Richard Jakob August von Voit (17 February 1801 – 12 December 1870) was a German architect specializing in glass and iron structures.

==Notable projects==

Voit designed the city hall of Annweiler am Trifels (Rhineland-Palatinate) and the Fruchthalle (Kaiserslautern) in Rhineland-Palatinate. He also designed two synagogues, one in Kirchheimbolanden in 1834, and another in Speyer in 1837. Von Voit also created the neo-Romanesque facade on St. Anna's, Lehel, which was destroyed during the war.
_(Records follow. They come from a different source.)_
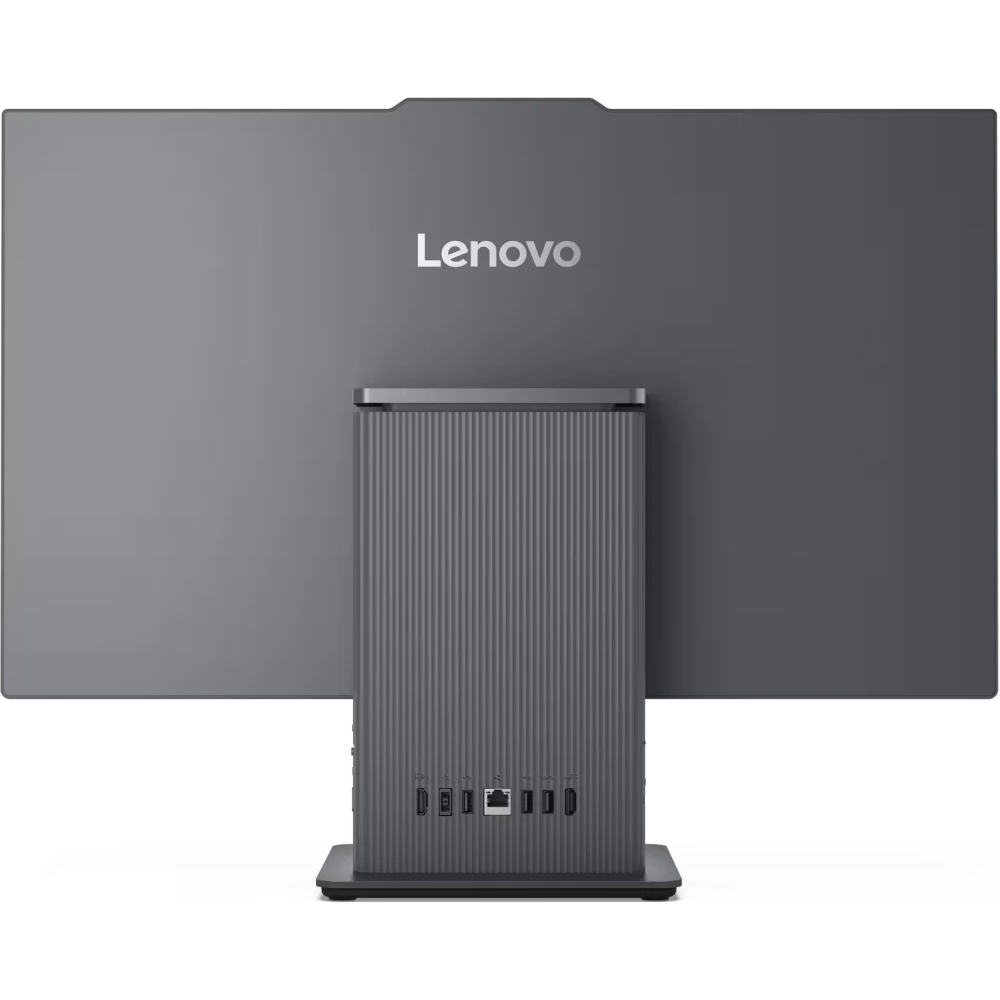 ..... Моноблок Lenovo IdeaCentre AIO 27ARR9 (F0HQ0039RU) (48сf) из ремонта - фото 4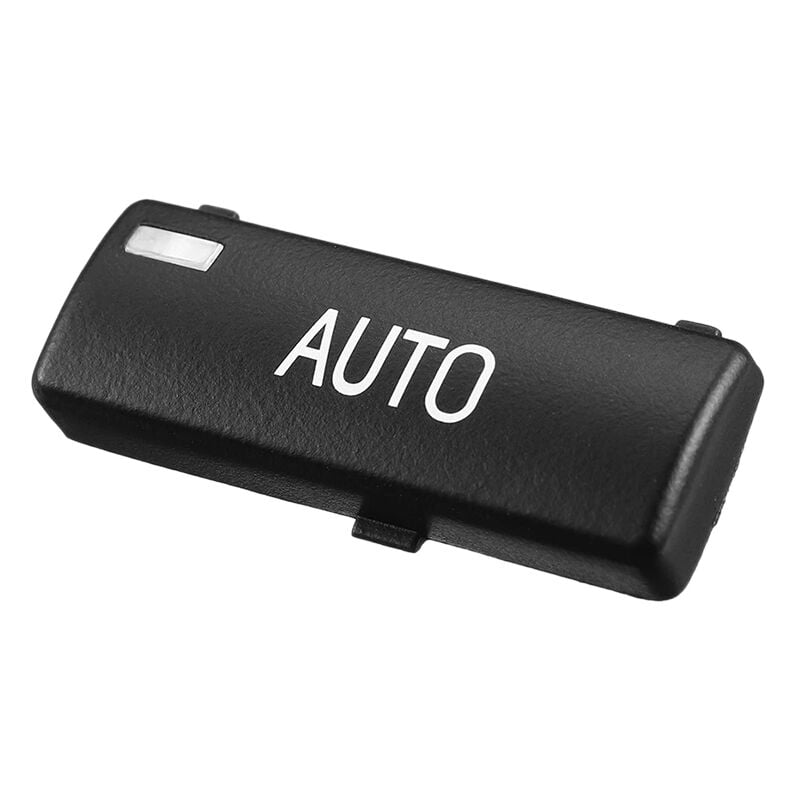 Image of Tlily - Auto Bedienen Feld Anlage Heizung Luft Taste SchlüSsel Kappen für - 5 Serie E39 X5 E53 M5
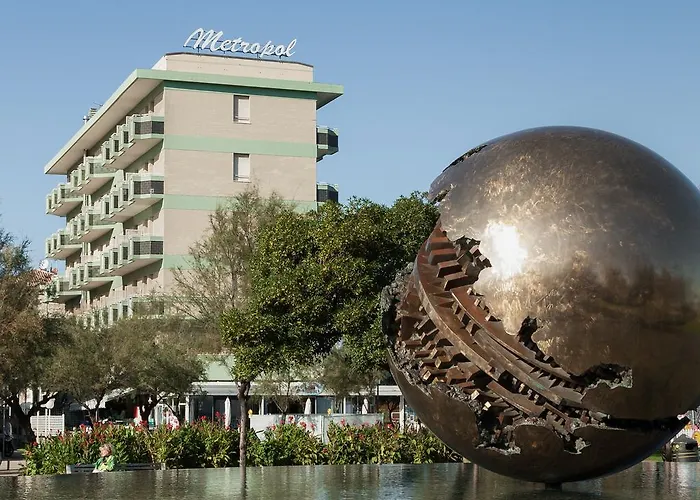 Hotel Metropol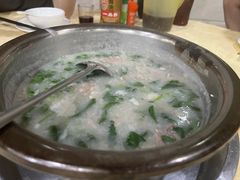 -标记美食新鲜猪杂(兴南大道店)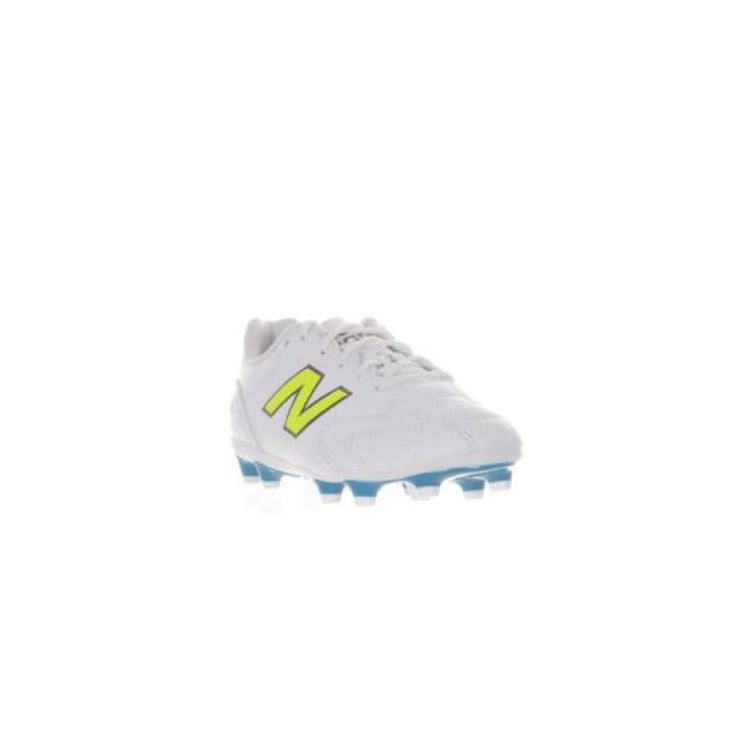 NEW BALANCE NEW BALANCE 442 TM JR FG V3  (wit) - De Peperstraat (Poperinge)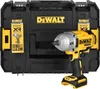 DeWALT DCF900NT-XJ Akku-Schlagschrauber (bl) 18 Volt, 1/2" Produktbild-Vorschau 10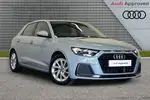 2021 Audi A1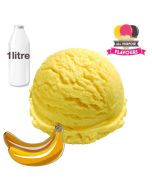 Liquid Banana Flavour and Colour Compound 1 x 500ml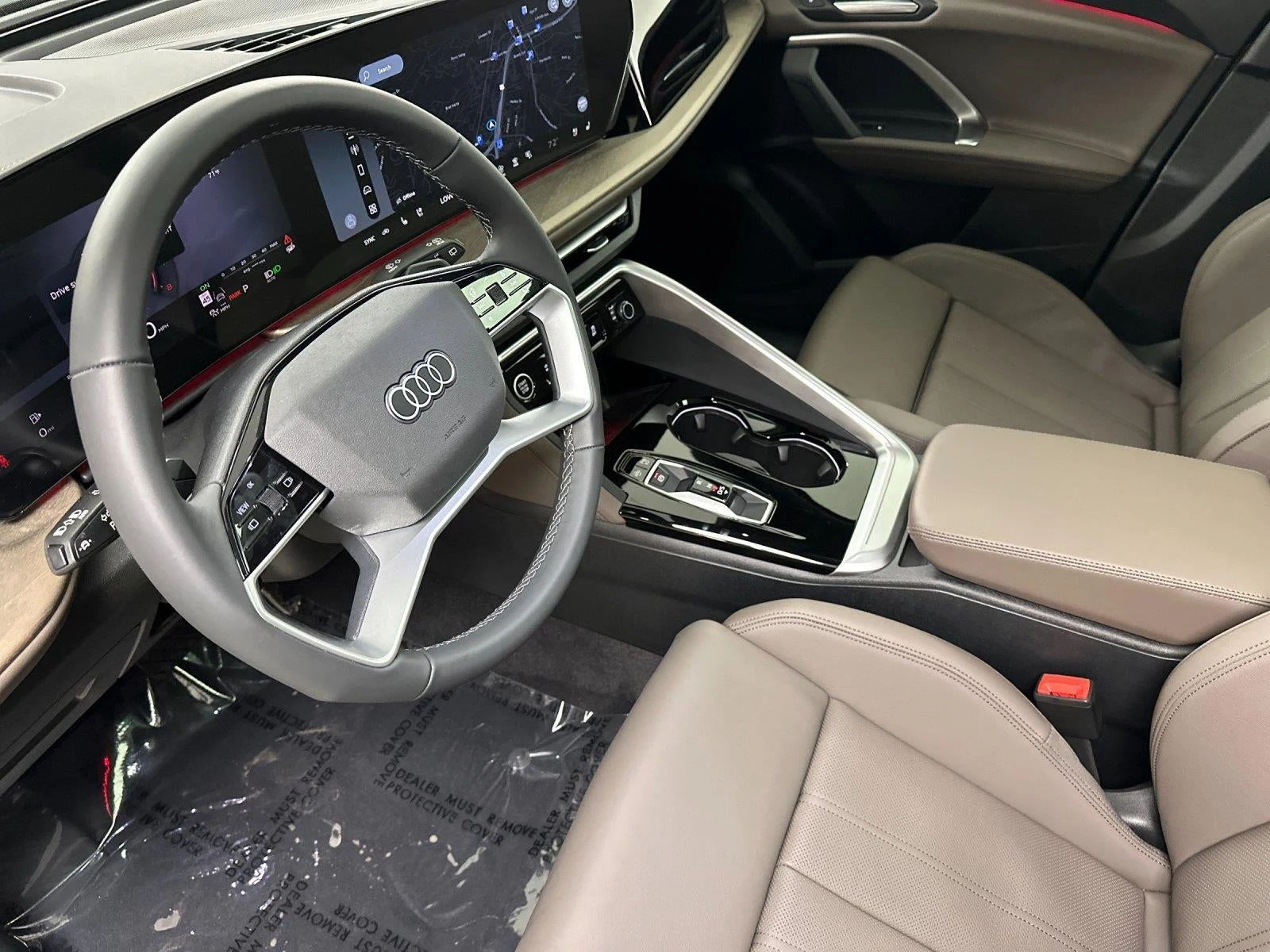 2026 Audi Q5 Sportback Premium Plus (GU), 9/20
===1846–1853 – Neue Pinakothek===

The Neue Pinakothek Art Museum was commissioned by Ludwig I of Bavaria and designed by Von Voit and Friedrich von Gärtner. The design of the structure was calculated to reinforce the similarity between the older and newer museums. As part of the design, Von Voit commissioned Wilhelm von Kaulbach to show the achievements of German art in mural form.

The building as originally designed was demolished in 1950 and rebuilt in 1967.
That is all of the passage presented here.